Hollywood Execs Call for 'Subliminal' Green Messages

     How do you solve the problem that the American public seems uninterested in television shows and movies that preach about global warming and other environmental issues? Hide it from them!

     That's the approach proposed on December 11 at the Hollywood Goes Green conference by Paula Silver, founder of Beyond The Box Productions, which markets independent films.

     "Social norming is about making behavior seem like you do it all the time," Silver said during a discussion on marketing green messages at the first annual Hollywood Goes Green conference in Los Angeles.

     "It seems to me that if we can put some of these messages subliminally into the action so that you see somebody recycling, you see somebody turning off, pulling out their plugs," continued Silver. "It's about seeing and doing and creating that performance structure so that people say, 'I should be doing that.'"


     Silver said films need to incorporate environmentally conscious messages "in a way that is much more organic and not be a film about that, because at the end of the day it's the good stories that really win," adding that "it [an environmental message] has to be part of the story and not just the story."

     Other panelists blamed the lack of success of films like Leonardo DiCaprio's "The 11th Hour" on the public's unwillingness to hear bad news and inability to ingest large amounts of complicated information.

     "Our culture is at a place where we don't like bad news and we do not like to deal with, we're in full blown denial of a whole bunch of things," said Leila Connor Petersen, the writer, director and producer of "The 11th Hour," a documentary about "the state of the human condition." Since its August release, the film has earned $707,000 and has been seen by an estimated 70,000 people, according to Connor Peterson.
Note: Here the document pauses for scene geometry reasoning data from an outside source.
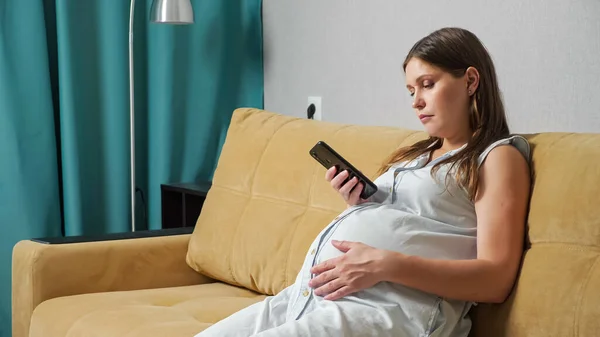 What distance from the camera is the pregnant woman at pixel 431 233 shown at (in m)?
1.55

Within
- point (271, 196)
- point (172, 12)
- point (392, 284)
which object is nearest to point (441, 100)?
point (392, 284)

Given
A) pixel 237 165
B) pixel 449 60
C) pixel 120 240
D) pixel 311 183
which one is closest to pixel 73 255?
pixel 120 240


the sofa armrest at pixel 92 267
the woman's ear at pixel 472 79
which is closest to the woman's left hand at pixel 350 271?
the woman's ear at pixel 472 79

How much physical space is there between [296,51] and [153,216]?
820 mm

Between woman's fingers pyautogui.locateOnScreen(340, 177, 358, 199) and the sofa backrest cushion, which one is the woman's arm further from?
the sofa backrest cushion

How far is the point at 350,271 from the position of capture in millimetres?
1596

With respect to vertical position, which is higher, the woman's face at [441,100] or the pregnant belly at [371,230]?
the woman's face at [441,100]

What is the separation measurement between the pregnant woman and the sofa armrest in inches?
31.4

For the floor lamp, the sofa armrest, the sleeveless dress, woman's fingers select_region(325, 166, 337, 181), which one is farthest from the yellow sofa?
the floor lamp

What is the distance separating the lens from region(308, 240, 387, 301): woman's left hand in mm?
1579

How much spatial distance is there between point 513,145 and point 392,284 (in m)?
0.36

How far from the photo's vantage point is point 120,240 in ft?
7.95

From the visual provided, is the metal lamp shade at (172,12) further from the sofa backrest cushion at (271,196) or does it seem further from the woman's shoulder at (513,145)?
the woman's shoulder at (513,145)

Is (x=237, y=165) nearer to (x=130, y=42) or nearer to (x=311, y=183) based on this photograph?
(x=311, y=183) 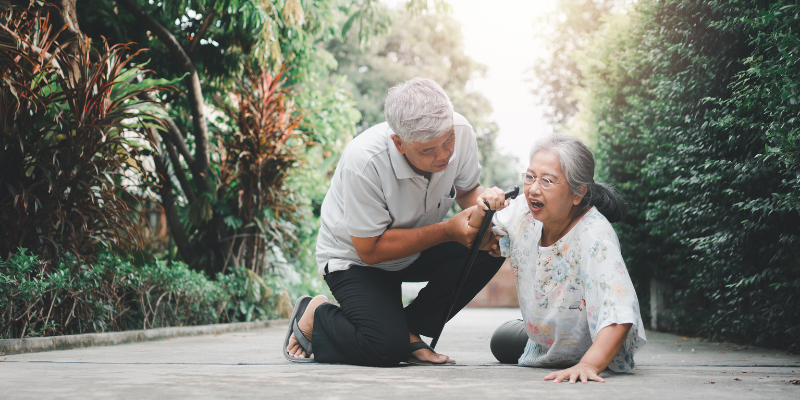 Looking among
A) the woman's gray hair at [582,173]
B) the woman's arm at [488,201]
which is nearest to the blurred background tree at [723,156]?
the woman's gray hair at [582,173]

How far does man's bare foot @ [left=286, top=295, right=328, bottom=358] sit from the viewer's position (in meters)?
3.18

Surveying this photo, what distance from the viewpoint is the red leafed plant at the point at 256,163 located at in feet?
21.7

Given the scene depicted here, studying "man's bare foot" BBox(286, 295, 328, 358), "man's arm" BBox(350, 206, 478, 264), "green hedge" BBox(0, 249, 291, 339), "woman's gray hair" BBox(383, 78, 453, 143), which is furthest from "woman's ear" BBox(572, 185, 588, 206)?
"green hedge" BBox(0, 249, 291, 339)

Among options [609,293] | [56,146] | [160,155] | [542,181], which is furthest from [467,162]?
[160,155]

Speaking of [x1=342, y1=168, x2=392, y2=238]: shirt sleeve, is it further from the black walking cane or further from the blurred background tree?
the blurred background tree

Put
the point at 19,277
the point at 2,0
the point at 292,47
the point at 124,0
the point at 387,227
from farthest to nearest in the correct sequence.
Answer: the point at 292,47 < the point at 124,0 < the point at 2,0 < the point at 19,277 < the point at 387,227

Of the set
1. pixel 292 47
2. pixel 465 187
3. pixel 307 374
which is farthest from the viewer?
pixel 292 47

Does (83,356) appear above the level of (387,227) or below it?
below

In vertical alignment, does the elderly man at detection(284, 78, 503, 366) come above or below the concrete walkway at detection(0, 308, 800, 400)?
above

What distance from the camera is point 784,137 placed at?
9.75 feet

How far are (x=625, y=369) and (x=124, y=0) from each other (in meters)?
5.21

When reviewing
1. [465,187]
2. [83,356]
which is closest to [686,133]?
[465,187]

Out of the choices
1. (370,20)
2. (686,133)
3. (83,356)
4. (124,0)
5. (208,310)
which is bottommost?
(83,356)

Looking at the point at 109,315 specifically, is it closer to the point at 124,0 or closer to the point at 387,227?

     "Climate change is a symptom of a deeper problem and our approach was look, you're not going to cure the patient if you don't diagnose them correctly and the patient really is the human psyche," she said, "and exactly why it's so hard to ingest the information 11th Hour has is we've created an immune response against the medicine."

     Liana Schwarz, vice president for Participant Productions, which produced Al Gore's "An Inconvenient Truth," told an audience member that, "You know way more than the average American on all these issues and you really have to sit back and think, 'Okay, where do we want to make the creative choice on this, where do we think the audience going to be able to take it and where are they just going to say, 'Forget it; this was too much?'"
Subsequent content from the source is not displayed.